──────── Source records
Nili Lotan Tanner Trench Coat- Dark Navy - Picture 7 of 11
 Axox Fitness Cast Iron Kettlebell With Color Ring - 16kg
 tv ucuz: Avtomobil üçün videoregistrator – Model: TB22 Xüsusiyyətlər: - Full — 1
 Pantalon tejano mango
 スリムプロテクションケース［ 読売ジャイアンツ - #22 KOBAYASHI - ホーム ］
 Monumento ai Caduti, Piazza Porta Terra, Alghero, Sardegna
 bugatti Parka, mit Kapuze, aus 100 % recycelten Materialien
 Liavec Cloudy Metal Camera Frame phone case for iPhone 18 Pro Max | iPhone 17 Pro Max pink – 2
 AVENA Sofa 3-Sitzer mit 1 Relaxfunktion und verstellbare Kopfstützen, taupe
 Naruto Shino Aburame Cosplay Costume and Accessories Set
────────────────
▸ Requirement:
Return every record exactly as it was given.

▸ Your response:
Nili Lotan Tanner Trench Coat- Dark Navy - Picture 7 of 11
 Axox Fitness Cast Iron Kettlebell With Color Ring - 16kg
 tv ucuz: Avtomobil üçün videoregistrator – Model: TB22 Xüsusiyyətlər: - Full — 1
 Pantalon tejano mango
 スリムプロテクションケース［ 読売ジャイアンツ - #22 KOBAYASHI - ホーム ］
 Monumento ai Caduti, Piazza Porta Terra, Alghero, Sardegna
 bugatti Parka, mit Kapuze, aus 100 % recycelten Materialien
 Liavec Cloudy Metal Camera Frame phone case for iPhone 18 Pro Max | iPhone 17 Pro Max pink – 2
 AVENA Sofa 3-Sitzer mit 1 Relaxfunktion und verstellbare Kopfstützen, taupe
 Naruto Shino Aburame Cosplay Costume and Accessories Set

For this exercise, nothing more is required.